Madrid

El Café Central se despide: el jazz madrileño pierde su escenario más emblemático

Tras 43 años de historia, el mítico local de la Plaza del Ángel cerrará sus puertas el 12 de octubre. Sus responsables buscan un nuevo hogar y piden ayuda a la ciudadanía para mantener vivo el legado.

El próximo 12 de octubre, una página dorada de la música madrileña llegará a su fin. El Café Central, ese rincón mágico de la Plaza del Ángel que durante más de cuatro décadas ha sido el corazón palpitante del jazz en la capital, cerrará sus puertas definitivamente.

"Creo que todo madrileño tiene un rincón en su corazón para el Café Central", dice con nostalgia Juantxu Bohigues, quien ha sido testigo privilegiado de ocho años de historia como encargado del local. Sus palabras resuenan con el peso de quien ha visto pasar por ese pequeño escenario a leyendas como Pedro Iturralde, Tete Montoliu, Bobby Watson o Ben Sidran.

Las paredes del Central guardan secretos musicales que solo pueden contarse en voz baja. Juantxu recuerda con una sonrisa emocionada aquella noche mágica cuando Wynton Marsalis invitó a Chano Domínguez, que estaba entre el público, a subir al escenario para enseñarle unas seguidillas. "Ese tipo de cosas solo pasan en el Central", susurra. O esa vez que Van Morrison apareció durante un concierto de Ben Sidran, improvisó sobre el escenario y desapareció antes de que la gente pudiera procesarlo completamente. Jorge Drexler, con su Oscar bajo el brazo, también ha protagonizado noches irrepetibles, siendo invitado a tocar y acabando con conciertos enteros porque el público simplemente no le dejaba marcharse.

Para músicos como Gabriel Szternsztejn, guitarrista argentino afincado en Madrid desde hace 24 años, el Central representa mucho más que un local de conciertos. "Cuando llegué, todos los músicos hablaban del Café Central como el lugar donde tocar. Costaba mucho entrar, porque todos querían estar aquí", recuerda. Gabriel ha compartido escenario con el quinteto de Patxi Pascual durante años, viviendo esa experiencia única donde "la música es protagonista, no un complemento". Sus últimos conciertos allí han tenido un sabor agridulce: "Es muy especial. Ya sabes que es la última vez. Despedirte del sitio, del personal, del ritual... Todo tiene otro sabor".

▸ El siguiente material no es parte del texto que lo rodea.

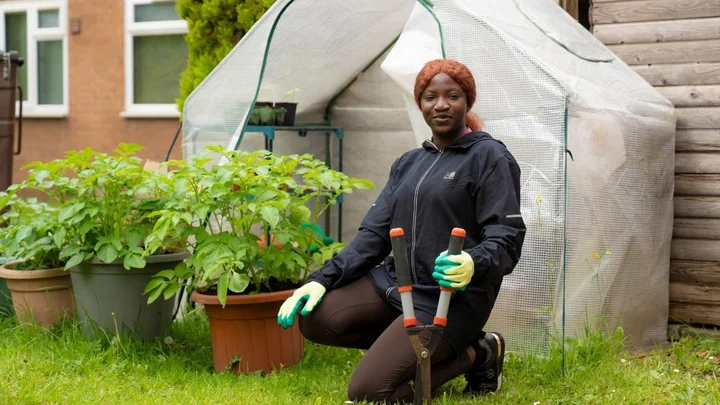 A learner kneeling in a garden area holding hedge clippers next to a greenhouse and potted plants.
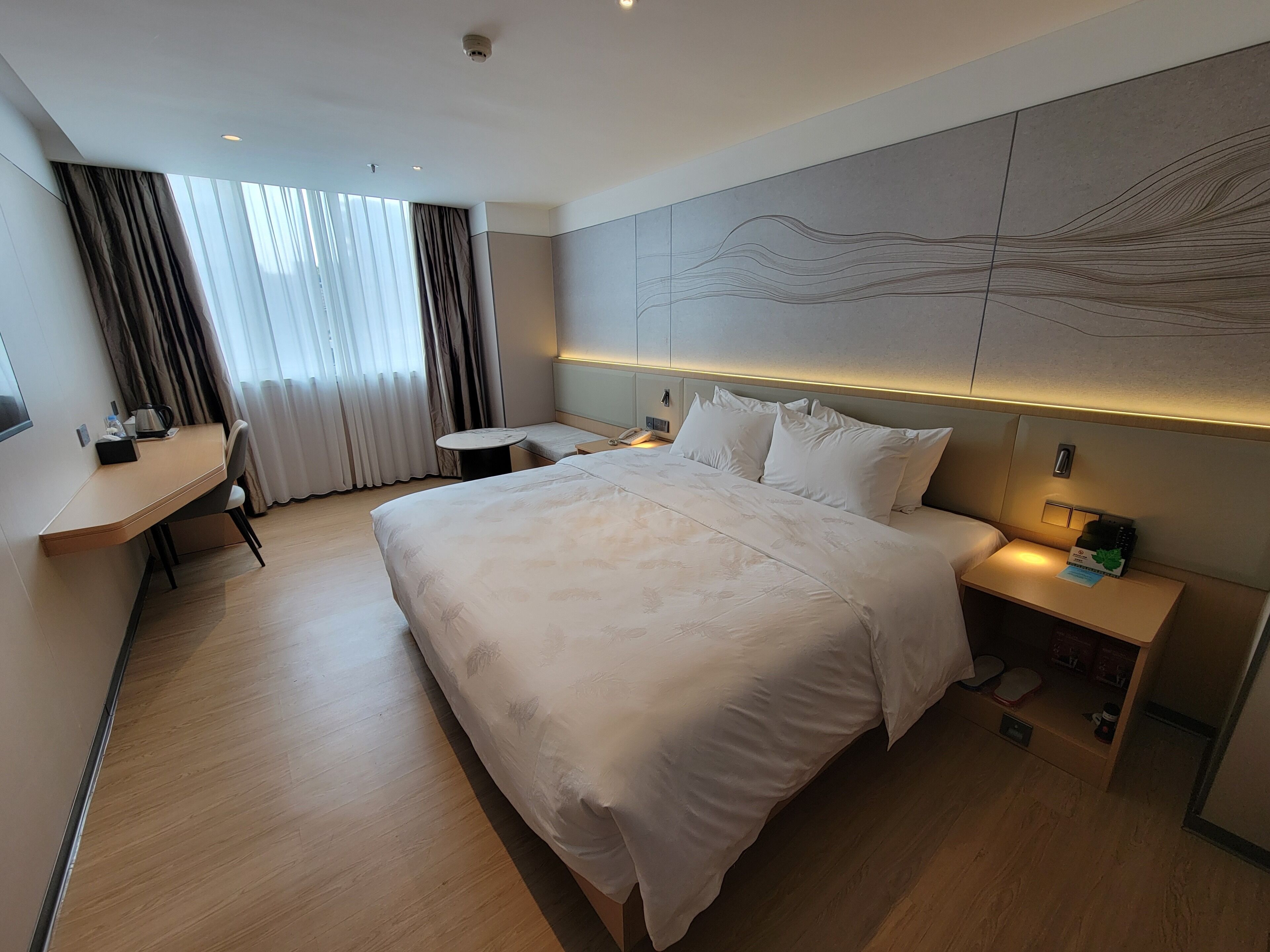 A modern hotel room with a large bed, a desk, and a view of the outdoors through the window.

Patxi Pascual, saxofonista que ha presentado tres de sus discos en el Central, no puede ocultar su indignación ante lo que considera un síntoma de un problema mayor. "Es un golpe que nos afecta a todos, pero sobre todo a los trabajadores y a la ciudad", explica con voz cargada de preocupación. "Este es un centro histórico del jazz en Madrid, y perderlo es síntoma de lo que está pasando: el centro de Madrid se está entregando a grandes marcas que buscan solo rentabilidad". Sus palabras apuntan a una realidad dolorosa: Madrid perdería "su principal referencia de jazz a nivel internacional", ese lugar que permitía que la capital estuviera en el mismo circuito europeo que Roma, París o Ámsterdam.

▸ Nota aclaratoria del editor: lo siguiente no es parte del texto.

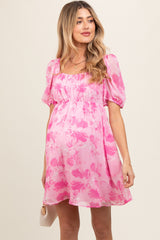 woman wearing a pink floral maternity dress with short puff sleeves and a fitted bodice, showing her baby bump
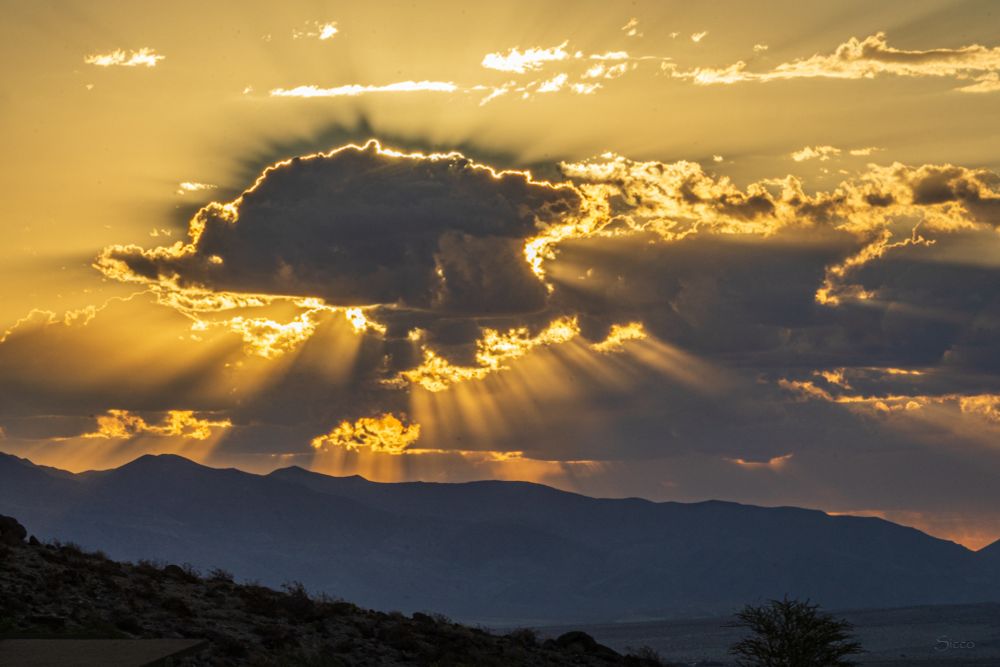 Crepuscular rays radiating from a large cloud formation near the Reserve Tuesday morning. 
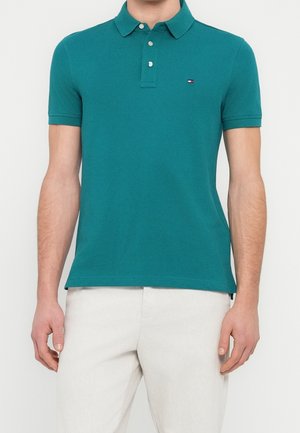 Homme portant un polo manches courtes couleur sarcelle avec un petit logo sur la poitrine et un pantalon écru sur fond uni.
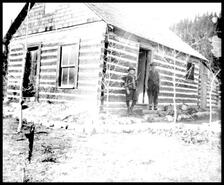 Two men standing on front steps of log cabin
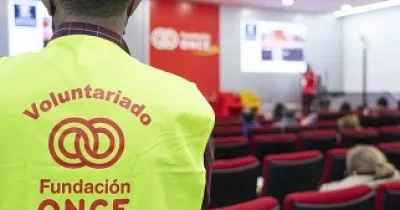 Voluntario de la ONCE de espaldas, mirando hacía el evento de Fundación Once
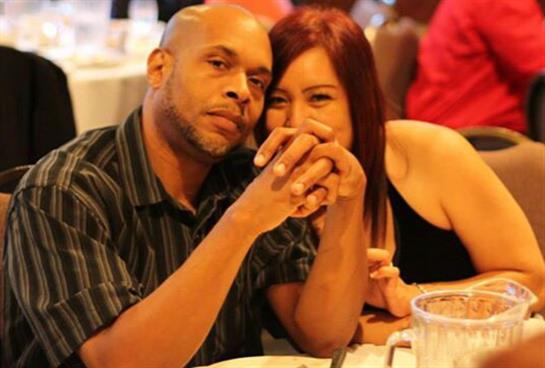 Two people enjoy a close moment at a restaurant, smiling and sharing laughter during dinner.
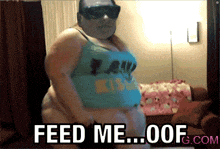 a fat man wearing sunglasses and a blue tank top says feed me oof.com
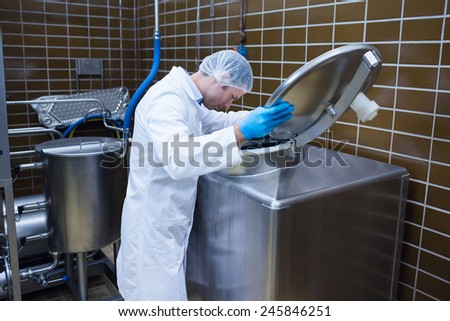 Man in lab coat looking into the machine in the factory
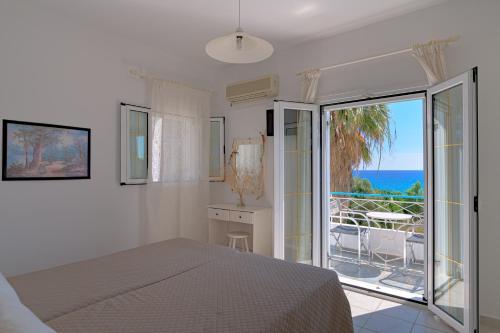 1 dormitorio con cama y vistas al océano en Vivian Apartments, en Vlachata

El drama humano detrás del cierre es palpable. Treinta y cinco trabajadores se enfrentan a la incertidumbre, mientras Juantxu lamenta la intransigencia de los propietarios: "Nuestro contrato de cinco años terminó, y los dueños del local no quieren renovarlo ni sentarse a negociar. Solo pedimos diálogo". La pesadilla de imaginar un Kentucky Fried Chicken o un Starbucks donde antes sonaba jazz es algo que obsesiona a quienes han vivido la magia del Central desde dentro. "No podemos sustituir lo auténtico por una franquicia", sentencia Juantxu con amargura.

Pero la esperanza se resiste a morir. El equipo ha habilitado el correo central2@cafecentralmadrid.com para recibir propuestas de nuevos locales, mientras Javier González prepara una programación de despedida que promete estar "por todo lo alto". Joshua Edelman, quien dará el último concierto tras haber actuado 703 veces en el Central, cerrará simbólicamente una era.

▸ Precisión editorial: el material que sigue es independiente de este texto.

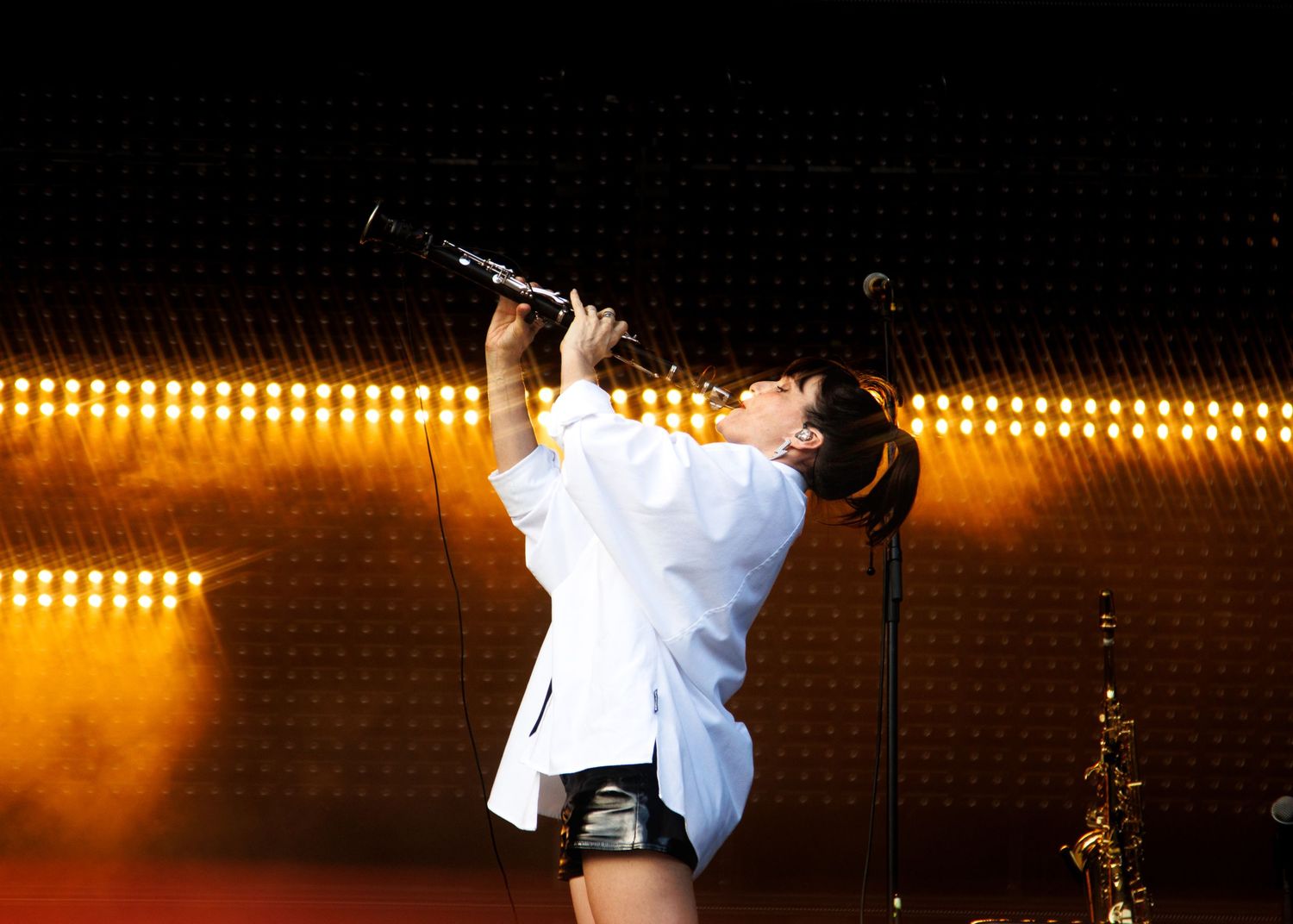 Performer in white shirt plays clarinet on stage with warm golden lights backdrop at live concert.
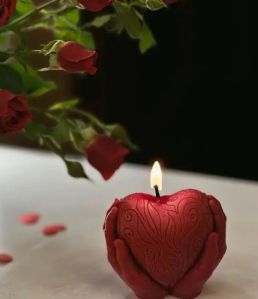 Heart in hands candle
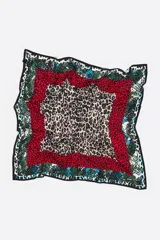 Pañuelo cuadrado con diseño de múltiples estampados animales en capas concéntricas. El centro presenta un estampado de leopardo en tonos rosa pálido y verde/negro. Le sigue un borde rojo con estampado de dálmata/leopardo pequeño, luego un borde verde con estampado de piel de serpiente, y finalmente un borde exterior con estampado de piel de serpiente en tonos blanco, negro y turquesa.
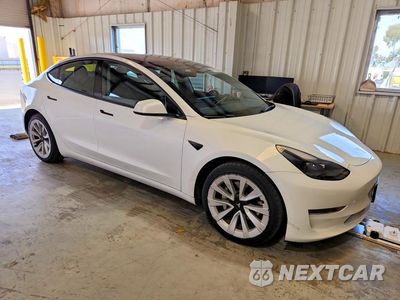 Czwarte zdjęcie samochodu z boku: 2022 TESLA MODEL 3 VIN:5YJ3E1EA9NF190525 - miniatura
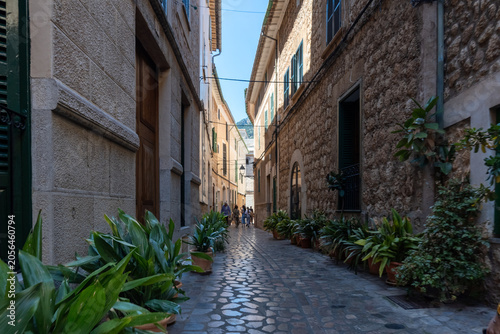 Charming narrow cobblestone street lined with historic stone buildings and lush greenery, capturing the authentic atmosphere of a Mediterranean old town.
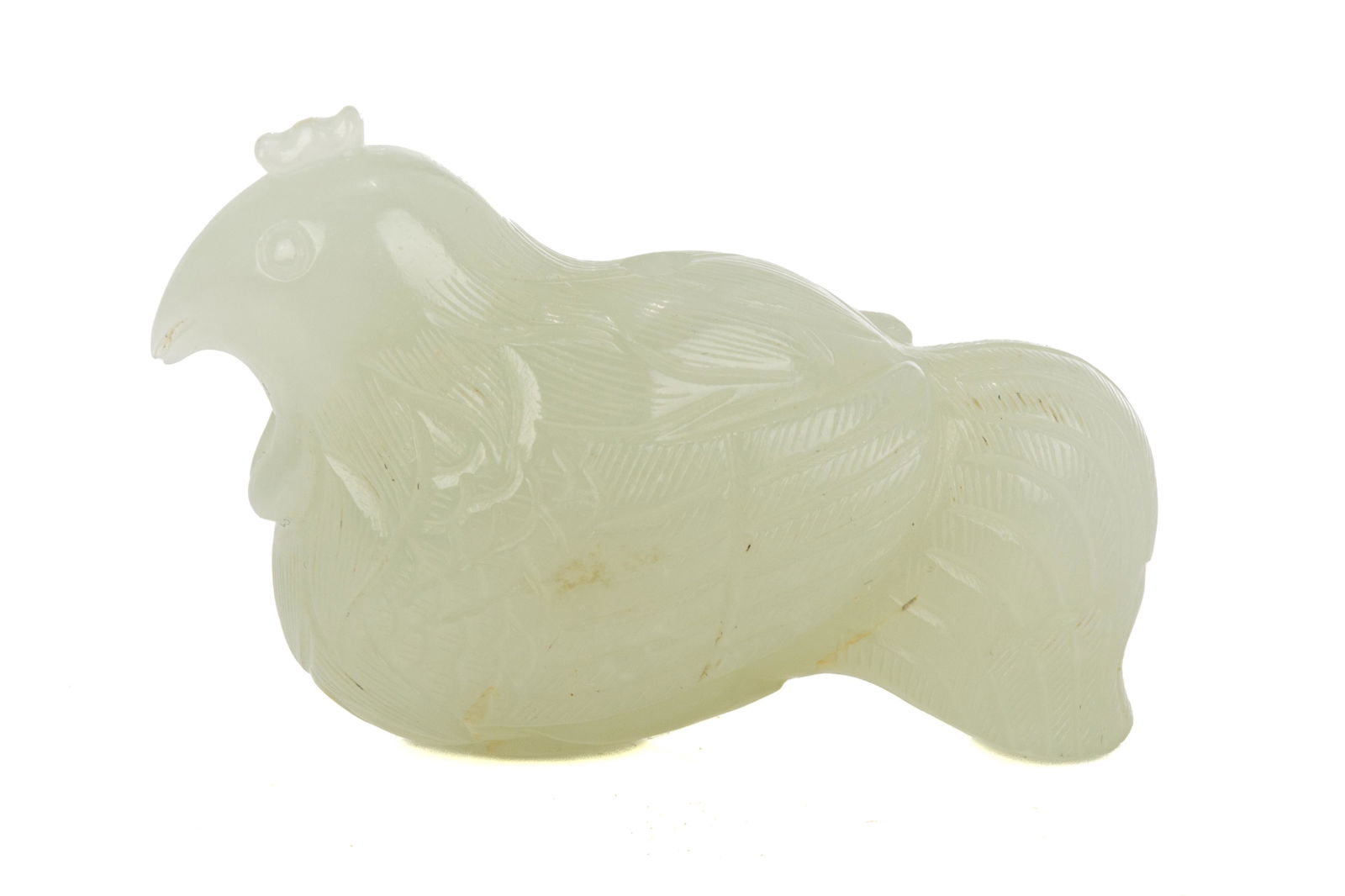 A CHINESE WHITE JADE CARVED HEN: Chinese, 19th to 20th century, late Qing dynasty, overall in even white to pale celadon tone, finely carved of a hen. L. 5 cm (2 in.)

El 12 de octubre, cuando se apaguen las luces del Café Central por última vez, Madrid no solo perderá un local de música. Perderá un pedazo de su alma cultural, ese lugar donde cada noche era un pequeño milagro y donde la música tenía el poder de crear momentos irrepetibles. Como insiste Juantxu con una mezcla de dolor y esperanza: "No es un adiós, es un hasta luego. Los adioses no me gustan". Y en esa frase se resume todo: la negativa a aceptar que algunos lugares son irreemplazables, y la fe ciega en que la música, como la vida misma, siempre encuentra una manera de continuar.